Volume 1, Number 2-3, June 2012, pages 79-84

Prevalence of Aspirin Resistance in Patients of Chronic Kidney Disease

Low dose aspirin has been implicated to attenuate the risks of myocardial infarction, stroke, and vascular related deaths in patients with cardiovascular disease on long term use [1]. Still a significant number of patients on low dose aspirin as antithrombotic therapy have major adverse vascular related events each year [2]. In most cases lack of patient compliance, low responsiveness or resistances to aspirin fail to reach the therapeutic goal. Though there is no universally accepted definition of aspirin resistance (AR) , in clinical terms it is characterized by occurrence of a thrombotic episode despite treatment with aspirin, in pharmacological terms it means insufficient pharmacological inhibition of platelet cyclooxygenase-1 (COX-1) derived thromboxane formation with subsequent insufficient inhibition of platelet function by standard antiplatelet dose of aspirin or a phenomenon where the expected inhibition of platelet responses is not obtained as evaluated by different biological tests [3]. The degree of inhibition of platelet aggregation can be assessed by a variety of tests, such as optical platelet aggregation, PFA-100, expression of platelet surface receptor [4, 5].

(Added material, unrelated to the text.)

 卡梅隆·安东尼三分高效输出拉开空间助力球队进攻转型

Chronic kidney disease (CKD) has emerged as a major public health problem of primary importance especially in developing countries [6]. The presence of CKD is one of the most potent known risk factors for cardiovascular disease (CVD). Individuals with CKD have a 10- to 20-fold greater risk of cardiac death, mainly because of the high risk for coronary heart disease and other cardiovascular complications which virtually coexists with diabetes, hypertension, obesity, lipid abnormalities, hyperaggregability state and endothelial dysfunction [7, 8]. CKD in the presence of other co-morbidities like type 2 diabetes mellitus and hypertension can lead to early progression to end stage renal disease (ESRD or stage V CKD), which confers a greater risk for CVD morbidity and mortality. Cardiovascular events are the leading cause of premature death in patients with

CKD even before their progression to ESRD [9], therefore antiplatelets especially low dose aspirin becomes mandatory for prevention of primary and secondary prevention of cardiovascular events in patients of CKD. Studies have indicated that the efficacy of aspirin in primary prevention of cardiovascular events for type 2 diabetic patients was reduced [10], and metabolic syndrome patients were prone to develop cardiovascular disease because of platelet hyperactivity [11] and conferred a higher risk of long term MACCE ( Major Adverse Cardiac and Cerebral Events) in patients with CAD [12]. There is a paucity of studies to evaluate the clinical efficacy and resistance of low dose aspirin in individuals of CKD, a surprise omission despite of number of studies on Aspirin Resistance in many clinical states. In this study we evaluate the prevalence of aspirin resistance in CKD patients.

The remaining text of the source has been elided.